Question

Question 1 1 pts Suppose you are investigating the reaction: M(s) + 2 HCl(aq) → MCl2(aq) + H2(g). You weigh out a 0.241 gram piece of metal and combine it with 60.4 mL of 1.00 M HCl in a coffee- cup calorimeter. If the molar mass of the metal is 57 g/mol, and you measure that the reaction absorbed 131 J of heat, what is the enthalpy of this reaction in kJ per mole of limiting reactant? Enter your answer numerically to three significant figures in units of kJ/mol.

Answer 1

Given that mass of the metal = .241g

First we have to find the limiting reactant.

Molar mass of the metal = 57g/mol

Therefore no.of moles of the metal present =0.241/57= 4.228*10^-3

Coming to Hcl, it is given that it is a 1.00 M sol. That means you will have 1 mole of HCl in 10³ ml of solution.
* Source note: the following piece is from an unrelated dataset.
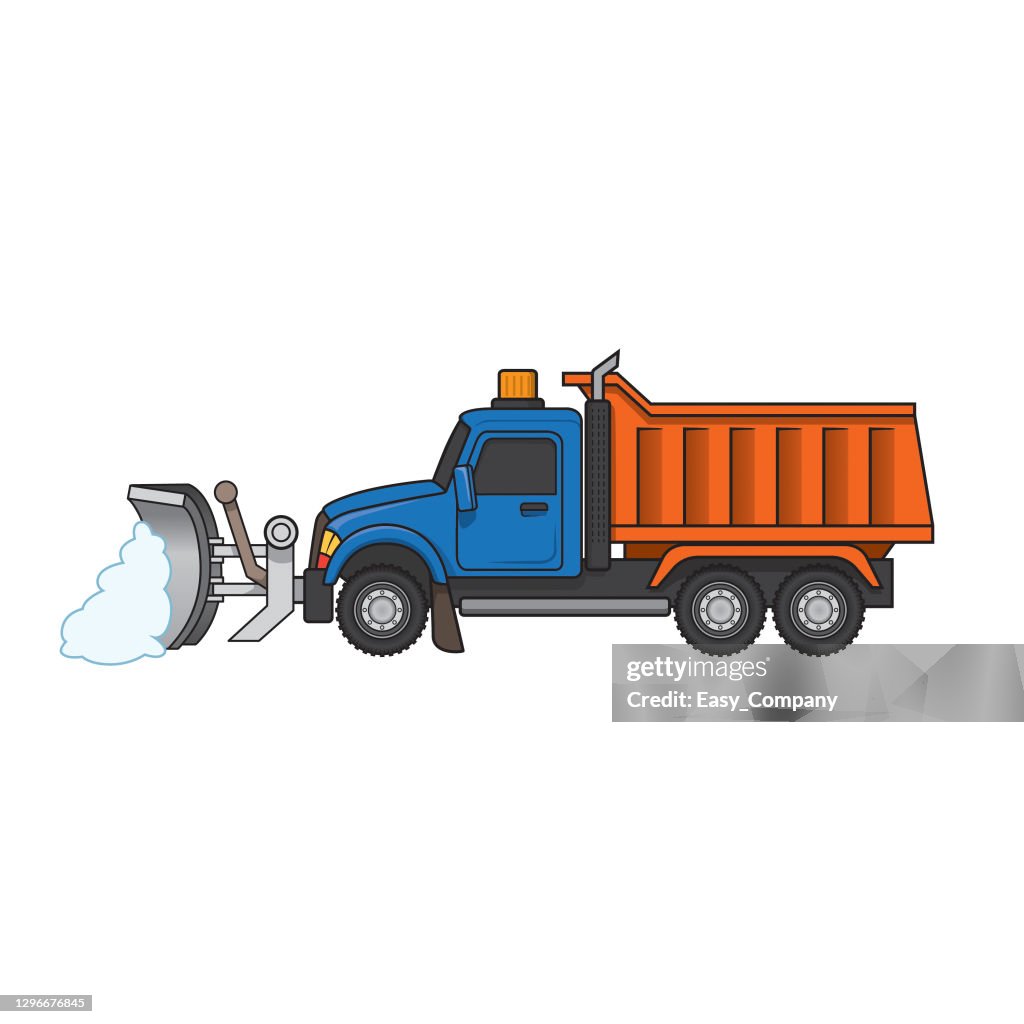 Snowplow snowplough motor grader snow removal truck equipment machine vehicle multicolored for coloring page children book high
=>10^-3 moles of HCl for 1ml of solution.

So, for the given 60.4 ml of solution you will have 60.4*10^-3 moles of HCl.

According to the given reaction 1 mole of metal is required for reacting with 2 moles of HCl.
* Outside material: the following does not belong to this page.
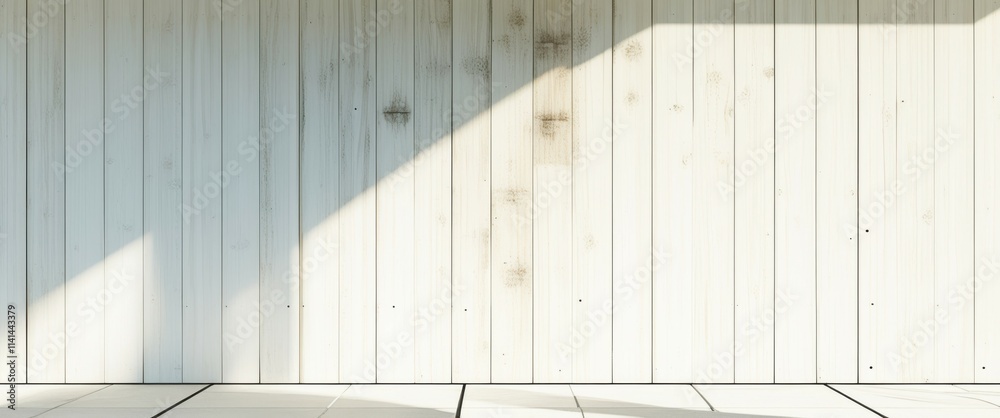 photo of a minimalist interior space with a white wall and a large diagonal shadow cast by a beam of sunlight. The wall is made of vertical wooden panels, and the floor is covered in white tiles. The photo of a minimalist interior space with a white wall and a large diagonal shadow cast by a beam of sunlight. The wall is made of vertical wooden panels, and the floor is covered in white tiles. The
In the same way 30.2 * 10^-3 moles of metal are required for reacting with 60.4 * 10^-3 moles of HCl.

But moles of metal we have (4.228 * 10^-3 moles) is less than what is required. Therefore metal is the limiting reactant.

Next, for 4.228 * 10^-3 moles of limiting reactant (metal), heat absorbed was 131 J (given).

Now for one mole of metal the heat absorbed = 131/(4.228 * 10^-3)= 30.984 * 10³ J = 30.984 KJ

Therefore required enthalpy of reaction = -30.984KJ

It is negative since the reaction absorbs heat.